*** Begin section ***

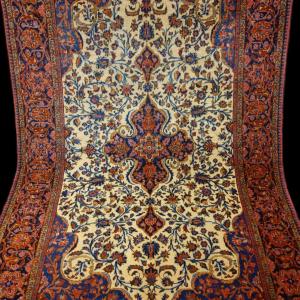 Kashan, 127 X 204 Cm, Hand-knotted Wool In Iran, First Part Of The 20th Century, Very Good Condition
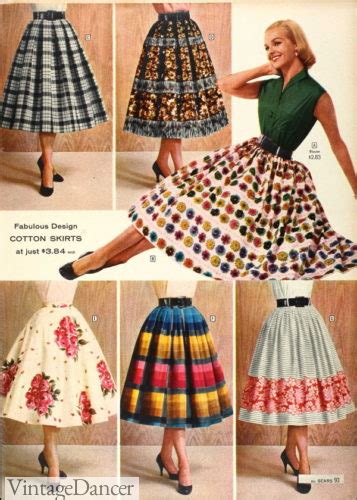 1950s Skirts Styles And History Poodle Skirts Circle Skirts Pencil Skirts
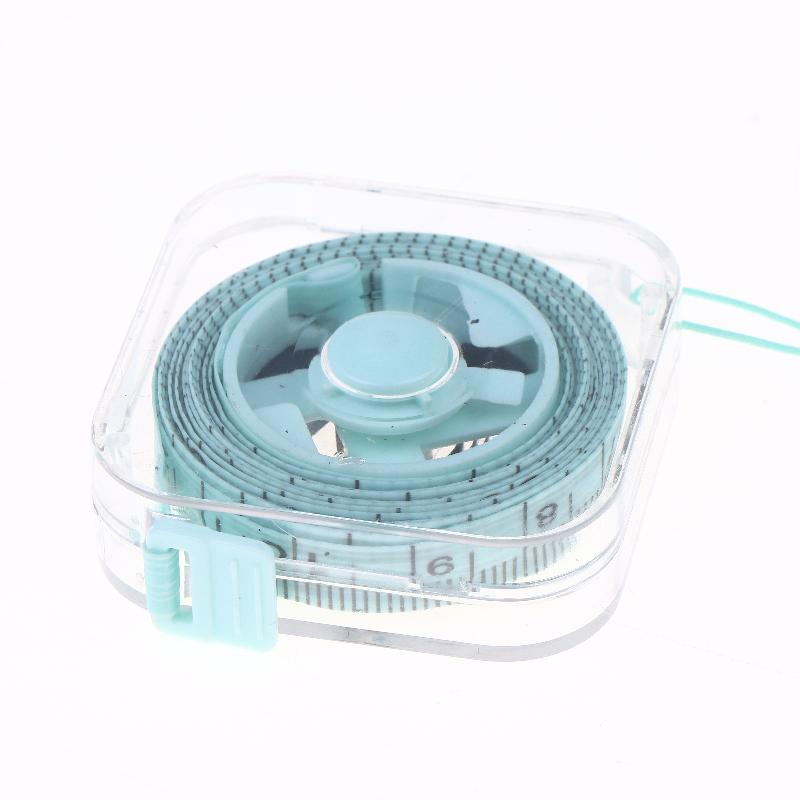 2-Meter Mini Metrisch Und Imperial Langlebiges Maßband Multifunktional Und Hochpräzise Haushalts Schrumpf-Maßband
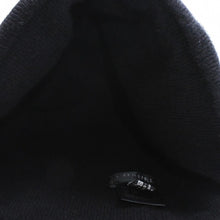画像をギャラリービューアに読み込む, 新品同様 CHANEL シャネル ビーニー ニットキャップ フリーサイズ ブラック ホワイト ウール カシミヤ A$AP Bari着用モデル 中古 4a003579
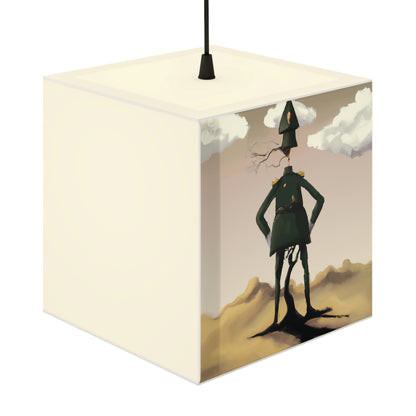 "Courage Against Despair: A Soldier's Triumph" - The Alien Light Cube Lamp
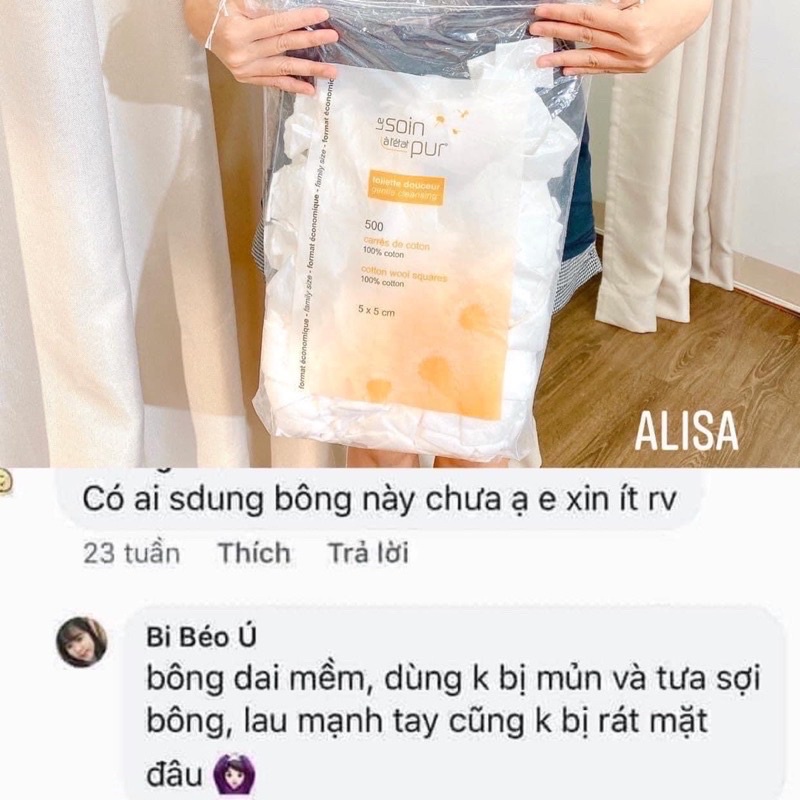 BÔNG TẨY TRANG KHỔNG LỒ HÀNG PHÁP 600 Miếng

*** End section ***

■ **Exercise directions**
Only the pictures are to be left out; repeat all other material exactly.

■ **Solution**
 Kashan, 127 X 204 Cm, Hand-knotted Wool In Iran, First Part Of The 20th Century, Very Good Condition
 1950s Skirts Styles And History Poodle Skirts Circle Skirts Pencil Skirts
 2-Meter Mini Metrisch Und Imperial Langlebiges Maßband Multifunktional Und Hochpräzise Haushalts Schrumpf-Maßband
画像をギャラリービューアに読み込む, 新品同様 CHANEL シャネル ビーニー ニットキャップ フリーサイズ ブラック ホワイト ウール カシミヤ A$AP Bari着用モデル 中古 4a003579
 "Courage Against Despair: A Soldier's Triumph" - The Alien Light Cube Lamp
 BÔNG TẨY TRANG KHỔNG LỒ HÀNG PHÁP 600 Miếng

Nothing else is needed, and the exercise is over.